I thought about the poetry of these bridges. The old and the new coming together just beyond the gate that told me I had made it half way. I could have run on into San Francisco if the path didn't end at Yerba Buena Island. At least that's what I told myself.
When I started, I looked up at the fog burning off an early spring morning. In my mind, I tried to picture the span, but it came out like a postcard. The reality of putting one foot in front of another for nearly eight miles gave me pause. The reality was I didn't know the distance until I came home and looked it up. I had something to prove.
I wanted to be able to push myself a little further than I had for the past few years. I wanted to see if I could still keep up with my wild notions of exercise, so I ran out under the overpasses, past the sewage treatment plant, and onto the bridge.

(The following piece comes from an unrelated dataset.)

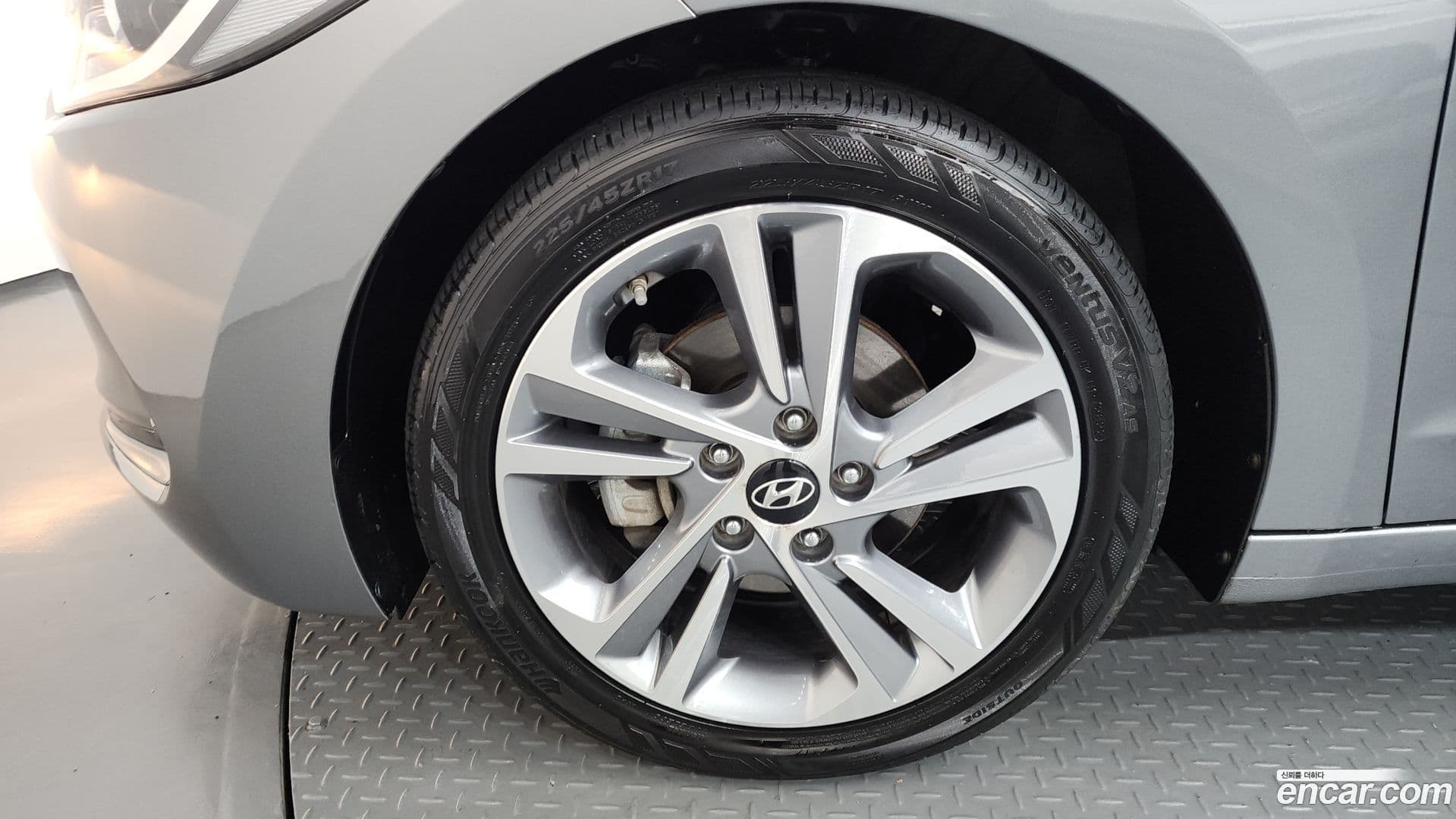 Main__Slider__Photo:AVANTE Hyundai 2017.5-4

I was running into a little breeze, but the playlist of Rush songs that had serendipitously popped up on my iPod kept me chugging along. As I made my way west, I watched the little group of men on the Old Bay Bridge across the way, preparing to retire the rusted old hulk, piece by piece. The Skeleton Crew. At the top of a crane, teetering precipitously, was a lone hard hat moving along a girder that would be scrap soon. I tried to imagine the plan for dismantling such a beast. There were still speed limit signs and street lights attached to the upper deck. I wondered if there wasn't some hush-hush contingency plan for keeping the old one for a spare, just in case the new one didn't turn out to be so wonderful after all. The bridge I was on.

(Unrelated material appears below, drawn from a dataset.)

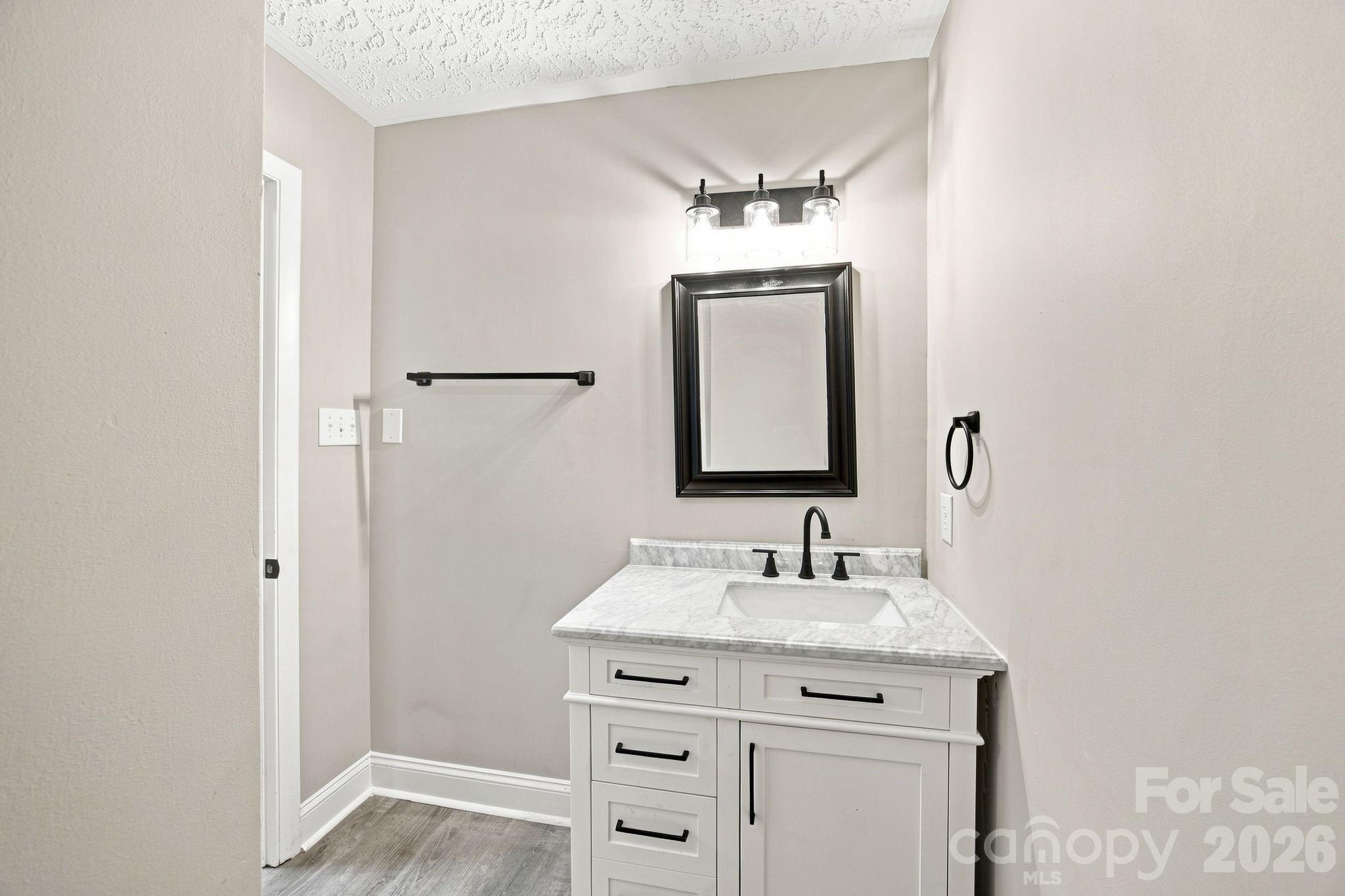 803 E 24th Street Property Photo 26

It wasn't until I turned around and faced the hills of Oakland again that it occurred to me that I was hundreds of feet above the bay, and any kind of catastrophic failure would be just that for yours truly. I considered once again the challenge I was giving myself. I wasn't walking on water. I was running above it. High above it.

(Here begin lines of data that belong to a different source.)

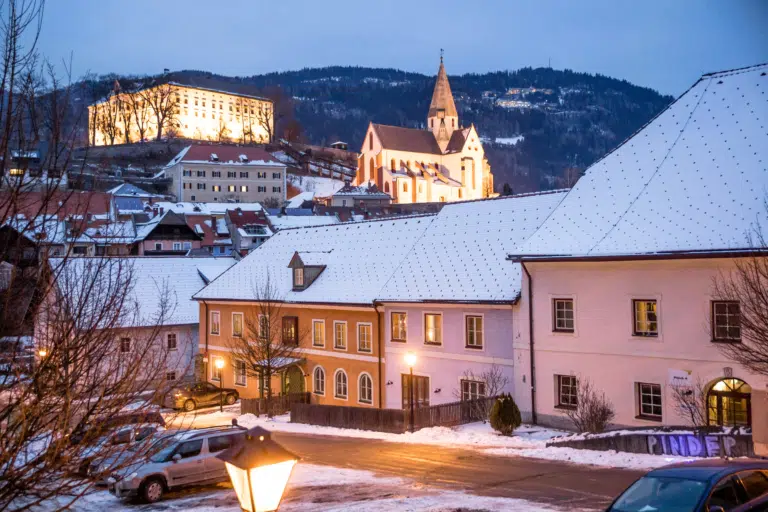 Ihr seht eine Außenansicht vom JUFA Hotel Murau mit Hoteleingang im Winter. JUFA Hotels bietet erholsamen Familienurlaub und einen unvergesslichen Winterurlaub.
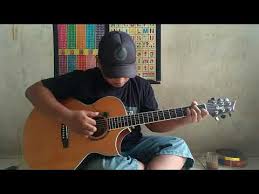 Ia misterius karena di setiap video barunya yang tayang, pria asal ponorogo pemilik nama asli alief gustakhiyat (31) ini hampir tidak pernah berbicara. Gitaris Fingerstyle Alip Ba Ta Yang Trending Di Youtube Ini Pekerjaan Hariannya Kaskus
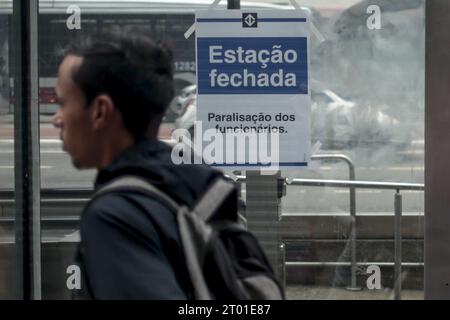 SP - SAN PAOLO - 03/10/2023 - SAN PAOLO, GREVE, METRO, CPTM, SABESP - avviso di sciopero fissato alle stazioni sulla linea verde 2 della metropolitana seguendo Avenida Paulista questo martedì (03), il giorno dello sciopero dipendenti della metropolitana di San Paolo, CPTM (Companhia de Trens Metropolitanos) e Sabesp (Companhia de Saneamento Basico do Estado de Sao Paulo). Le categorie chiedono la cancellazione del processo di privatizzazione e esternalizzazione da parte del governo dello Stato di San Paolo che coinvolge le tre società pubbliche. Foto: Suamy Beydoun/AGIF Foto Stock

The other runners and bikers and strollers I met along the way seemed just as immersed in their morning's exertion. I have them all the cursory head bob, and mouthed "morning" to them as they passed, not wanting to share the thoughts or sounds in my head aloud: Geddy Lee, government conspiracies, my youth.
When I made it back to dry land, the IKEA parking lot, I felt that I had accomplished something. I didn't build a bridge, but I experienced one. The span between the old and the new. Those ten mile runs that used to come so naturally in my twenties that have now been reduced to three and four mile maintenance jogs around my neighborhood. Poetry.